Inoltre, l’utilizzo di strumenti informatici ridurrà la durata dei test, con prove che dureranno circa un’ora (digitali e a crocette).
Il coordinatore l’integruppo parlamentare sull’intelligenza artificiale, nel corso di un’interrogazione parlamentare, ha posto un quesito fondamentale: quali tutele verranno garantite ai candidati attraverso una modalità di selezione ibrida tra software applicativi e competenze umane.
A tal proposito si rammenta che il regolamento europeo GDPR ha precisato il diritto dei candidati a non essere valutati soltanto da procedure automatizzate, circa la selezione delle competenze, e il principio per cui la procedura di selezione non può essere delegata a intelligenze artificiali senza effettive garanzie.
La questione che di fondo va affrontata ad ampio raggio riguarda l’effettivo intervento degli algoritmi nei processi decisionali, considerando il fatto che gli effetti della potenziale sostituzione dell’attività umana possano generare effetti, nel merito della sfera giuridica del destinatario. A tal proposito il T.A.R. Lazio, con la sentenza n. 13692 del 2020 ha recentemente disposto che il procedimento amministrativo digitale “deve consentire l’accesso al “codice sorgente (ossia alla “struttura base” del software adoperato) ove tale accesso risulti funzionale alla determinazione finale.

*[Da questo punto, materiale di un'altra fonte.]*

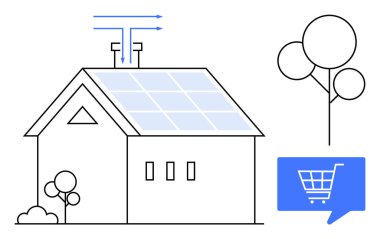 Güneş panelleri, ağaçları ve hava akışını gösteren okları olan bir ev. Mavi alışveriş arabası ikonu da dahil. Yenilenebilir enerji, ev geliştirme, eko-yaşam, çevre bilinci, e-ticaret, çevrimiçi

Malgrado il fatto che le tecnologie consentono, sostanzialmente, di ridurre i tempi procedurali e garantire l’imparzialità dei procedimenti, questa effettiva integrazione non può manifestarsi sulla base della violazione dei principi fondamentali che muovono l’attività amministrativa, per cui, le procedure informatiche, applicate ai procedimenti devono essere intese quali strumenti di semplificazione dell’azione amministrativa.